The national Federation organization should have one visionary and strategic goal. If they believe, as we do, that there is still merit and value in a Jewish Federation, then a national conversation about the future of our Jewish organizational enterprise should begin in earnest. Launching such a conversation requires bold and courageous leadership willing to acknowledge the decline of the Federation system while challenging community leaders to rise to the occasion. Cheerleading is great but will fail if it’s only rhetoric. Grand ideas are important but will never materialize if the organization has no capacity to implement. Annual showcase gatherings (i.e., the Jewish Federations General Assembly) are essential but not if a relative few show up.
We believe that the current over-embellished agenda of the Jewish Federations of North America should be set aside – whatever it is and whatever its component parts. For the next twelve months or more, the leadership should have one focus. They should deploy their collective resources, inside and outside of the organization, to hold a national conversation on the future of the system. It should not be a sales show. It should not be a public relations extravaganza. It should not be a salute to its past. It should be a robust, “all ideas welcome” discussion about “what’s next”. A far-sighted and actionable plan should be the goal and we should recognize the value of a changed, refocused collective for the American Jewish community. With ample time to plan and transform a traditional agenda, the 2015 General Assembly would be an excellent platform to launch this national conversation.

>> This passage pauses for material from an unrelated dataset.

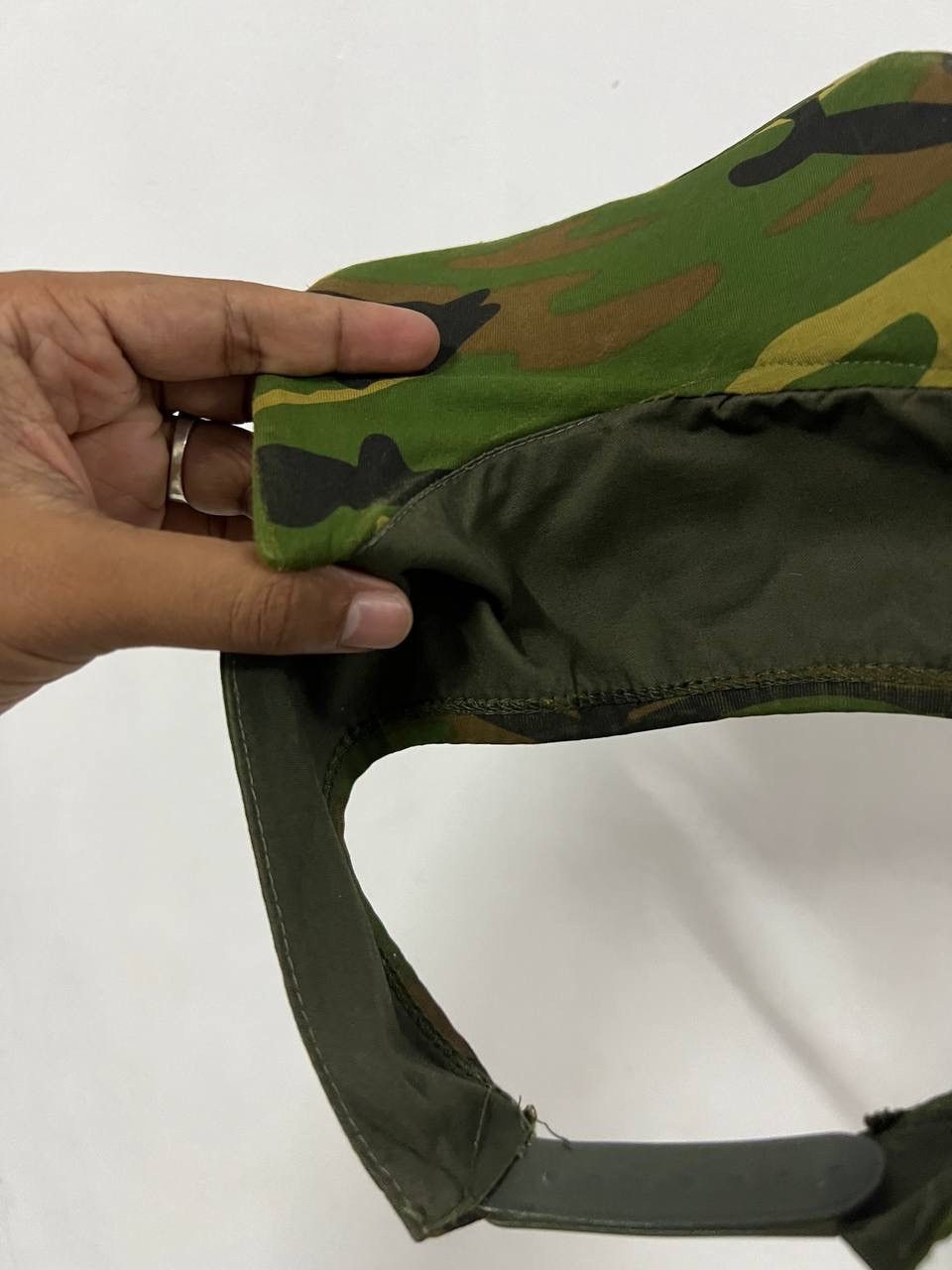 Hat Club Camouflage Military Woodland Visor Hat Size ONE SIZE - 9 Thumbnail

The national conversation should focus on three elements
- What is the future of the Jewish Federations and its collective system?
- How do we redefine the relationship between the State of Israel and the Diaspora so that we move beyond viewing Israel through a 1960s lens?
- What are the key requirements of a national Jewish Federation organization and how should it serve its constituent members?
Some would argue that this conversation occurred some fifteen years ago leading to the merger of the Council of Jewish Federations and the United Jewish Appeal. We would argue otherwise. That merger was predicated on saving money. Our idea is predicated on saving the precious legacy of the Jewish Federation – if we all believe it should be saved. We believe it should and must.
Denis Braham is the Chairman of the Board and Lee Wunsch is the President & Chief Executive Officer of the Jewish Federation of Greater Houston.